Sendiri

157 7 0
                                    

Hujan rintik membasahi kota jakarta, terlihat seorang gadis duduk termenung menatap lurus ke jalan raya.
Masih teringat di fikiran gadis itu, bagaimana kisah cintanya yang beujung dengan kata pisah, di cafe ini tepat 5 tahun yang lalu.

Flashback on

Dercitan pintu masuk cafe terdengar, tampak wanita cantik berjalan memasuki cafe sambil membawa kotak besar. Suara dentuman langkah kaki mendekat memasuki indera pendengaran sang lelaki.

"Maaf terlambat" ucap Reina pada Dimas.

"Iya tidak apa" membalas ucapannya.

"Bagaimana kabar mu? Sudah lama ya kita tak bertemu"

"Aku baik-baik saja, bagaimana dengan mu? Setelah kejadian yang lalu, aku merasa kau mencoba menghindar dari ku", tatapan mata sendu Dimas mencoba mencari tahu jawaban dari gadis yang dicintainya.

"Aku juga baik-baik saja, soal kejadian itu aku sudah mengambil keputusan. Aku mau kita berpisah", Reina mencoba tegar dengan ucapan yang ia lontarkan.

"Apa tidak ada cara lain? Kita sudah bersama selama 9 tahun, apa karna kejadian itu kau mau memutuskan saja hubungan kita!", dengan rahang yang mengeras Dimas mencoba mencari guratan kebohongan dari Reina, tapi bukan itu yang di temukannya. Reina seolah mati rasa, sedari awal ia bertemu tidak ada lagi senyum manis yang tersungging di bibir manisnya hanya tatapan datar yang ia lihat. Seolah-olah dia bukan lah Reina gadis yang ia cintai.

"Aku sudah berfikir dengan matang, aku sudah sadar diri dengan perbedaan diantara kita. Aku, kamu, itu beda, aku capek berjuang untuk meluluh kan hati mama kamu. Tapi apa yang aku dapat? Hanya hinaan yang terus menerus keluar dari bibir mama kamu. Awalnya aku berfikir mungkin dengan seiring berjalannya waktu aku bisa meluluh kan hati mama kamu, tapi apa? aku gak bisa", helaan putus asa terdengar di telinga.

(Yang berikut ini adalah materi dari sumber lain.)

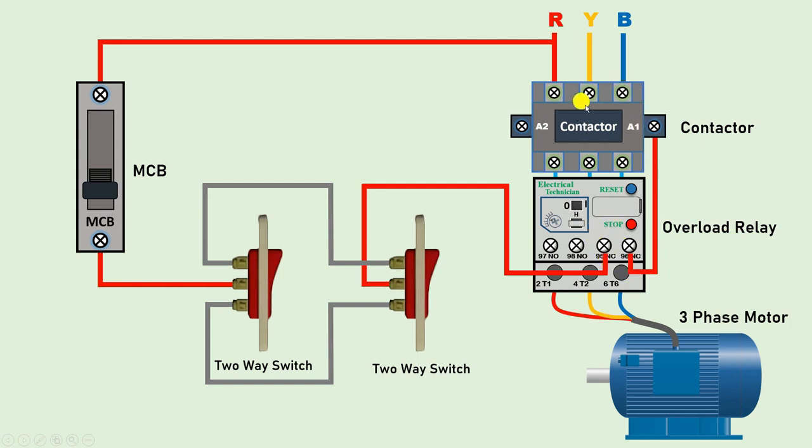Now to operate this contactor, we have to provide neutral power supply also. So take the neutral supply and connect it directly with the A2 terminal. By doing only this much connection, if we turn on the MCB and press any one of these switches, our contactor will turn on — that is, the motor will start running. Similarly, if we press any one switch among the two, the motor will turn off.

"Tapi aku masih sayang sama kamu, ayok kita berjuang bersama-sama lagi. Aku juga akan menolak perjodohan ini, aku akan merintis bisnis aku sendiri dari awal tanpa embel-embel nama keluarga", sambil menggenggam jemari lentik Reina, Dimas mencoba meluluh kan hatinya.

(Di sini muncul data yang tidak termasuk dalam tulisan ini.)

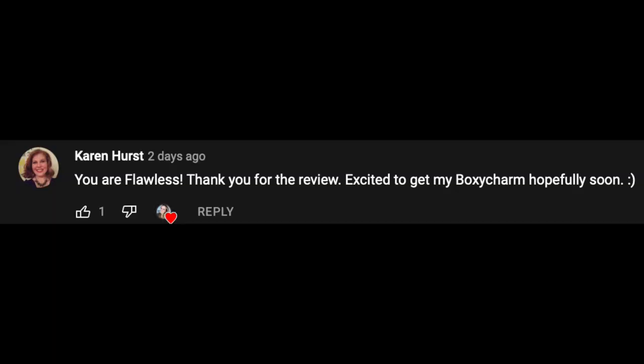Today's video shout-out goes out to Karen Hurst — thank you so much for watching my videos. If you guys want a shout-out in my videos, make sure to watch the entire video and look out for the shout-out word. Thank you guys so much for watching. Make sure to subscribe, hit that like button, and turn your post notification bell on so you guys are updated every time I post a new video. Love you guys, bye!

"Maaf aku gak bisa, keputusan aku sudah final. Aku gak mau egois disini, jujur aku masih sayang sama kamu. Tapi disisi lain aku gak mau membuat kamu menentang permintaan orang tua kamu, soal bisnis kamu? Aku gak masalah kamu mau mulai dari bawah atau tidak, karena disini aku sayang sama kamu dengan tulus, tanpa adanya fikiran untuk memanfaatkan kamu.", ucapan Reina mulai melunak, disisi lain dia masih ingin bersama dengan lelaki pujaannya tapi mau di kata apalagi. Tidak mungkin dia bersikap egois, perbedaan sosial sangat jelas disini. Ia hanya karyawan biasa di suatu perusahaan yang berada di jakarta, keadaan keluarganya jauh dari kata kaya namun cukup untuk memenuhi kebutuhannya dan keluarganya. Sedangkan Dimas, dia berasal dari keluarga kaya, terpandang, selain itu dia juga mempunyai wajah yang tampan, dan mempunyai hati yang baik. Dia sangat beruntung bisa menjalani hubungan dengannya, tapi cinta tanpa direstui bukankah hal yang tidak baik pada akhirnya.

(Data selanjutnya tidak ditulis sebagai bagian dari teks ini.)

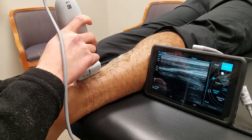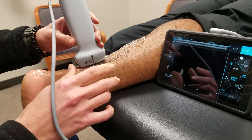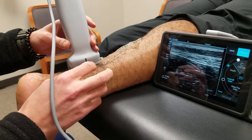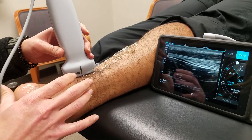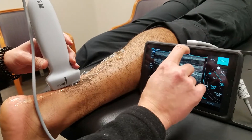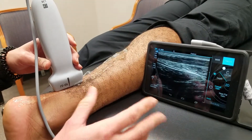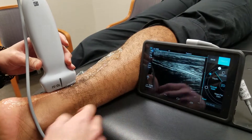Now if you have a rupture or a tear, you're going to see maybe a discontinuity in there. Or if there's just a tendinopathy where you're having some tendon pain in this area, it may appear a little darker or it may appear a little thicker. Now if there's a rupture, there may be some separation as well, and this part is going to be a lot bigger.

"Kamu yakin dengan keputusan itu?", Dimas terus mencari kejujuran di mata gadis itu, tapi yang iya temukan hanya tatapan kosong. Dengan senyum sinis akhirnya iya memutuskan.

"Baik, jika itu yang kamu mau kita akan berpisah", keputusan final itu pun ia terima, ada nada tak rela terdengar oleh ucapannya.

"Terimakasih, sebelumnya aku mau mengembalikan ini", sambil memgambil kotak besar yang iya bawa.

"Apa ini?" , tanya Dimas sambil mengerutkan dahinya.

"Aku ingin memgembalikan semua barang yang pernah kamu berikan sebelumnya ke aku"

"Untuk apa? Aku tidak mungkin nemakai ini semua", dengan nada tersinggung ia membalasnya.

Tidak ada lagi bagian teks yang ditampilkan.